**Problem statement:** Using the listing below, report how many lines contain the word "https" and give no other words.

##### Data records #####

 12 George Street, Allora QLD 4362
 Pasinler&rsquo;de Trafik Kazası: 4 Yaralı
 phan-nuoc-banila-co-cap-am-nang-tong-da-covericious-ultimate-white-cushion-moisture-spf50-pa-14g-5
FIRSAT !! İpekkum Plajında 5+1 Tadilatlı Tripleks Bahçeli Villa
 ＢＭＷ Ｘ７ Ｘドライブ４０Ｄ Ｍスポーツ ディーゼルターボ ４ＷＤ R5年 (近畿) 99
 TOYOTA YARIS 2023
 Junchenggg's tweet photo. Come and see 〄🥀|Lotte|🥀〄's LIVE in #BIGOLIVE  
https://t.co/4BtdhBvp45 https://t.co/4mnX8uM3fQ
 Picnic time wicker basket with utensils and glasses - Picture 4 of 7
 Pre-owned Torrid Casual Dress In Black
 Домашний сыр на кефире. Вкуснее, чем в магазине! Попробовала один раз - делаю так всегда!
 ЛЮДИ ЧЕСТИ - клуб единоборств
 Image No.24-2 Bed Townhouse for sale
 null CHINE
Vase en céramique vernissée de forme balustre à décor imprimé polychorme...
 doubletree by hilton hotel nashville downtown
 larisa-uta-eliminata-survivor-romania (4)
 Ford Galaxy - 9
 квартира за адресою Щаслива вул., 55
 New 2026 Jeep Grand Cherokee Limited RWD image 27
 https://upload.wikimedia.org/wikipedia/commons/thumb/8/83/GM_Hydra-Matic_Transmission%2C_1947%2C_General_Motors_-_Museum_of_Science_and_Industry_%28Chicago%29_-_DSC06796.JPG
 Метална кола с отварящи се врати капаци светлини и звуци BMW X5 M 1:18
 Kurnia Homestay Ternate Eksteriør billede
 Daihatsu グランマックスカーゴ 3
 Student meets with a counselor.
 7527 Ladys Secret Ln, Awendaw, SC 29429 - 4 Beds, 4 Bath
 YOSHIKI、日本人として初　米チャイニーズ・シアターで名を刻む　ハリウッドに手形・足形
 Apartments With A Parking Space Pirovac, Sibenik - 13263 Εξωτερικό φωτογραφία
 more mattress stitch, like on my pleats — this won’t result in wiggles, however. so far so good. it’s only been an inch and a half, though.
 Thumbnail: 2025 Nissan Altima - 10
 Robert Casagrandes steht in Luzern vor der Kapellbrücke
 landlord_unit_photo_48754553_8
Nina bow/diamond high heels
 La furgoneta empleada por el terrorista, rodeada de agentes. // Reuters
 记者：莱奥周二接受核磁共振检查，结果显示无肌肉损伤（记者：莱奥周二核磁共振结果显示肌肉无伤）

#####

**Solution to this exercise:** 2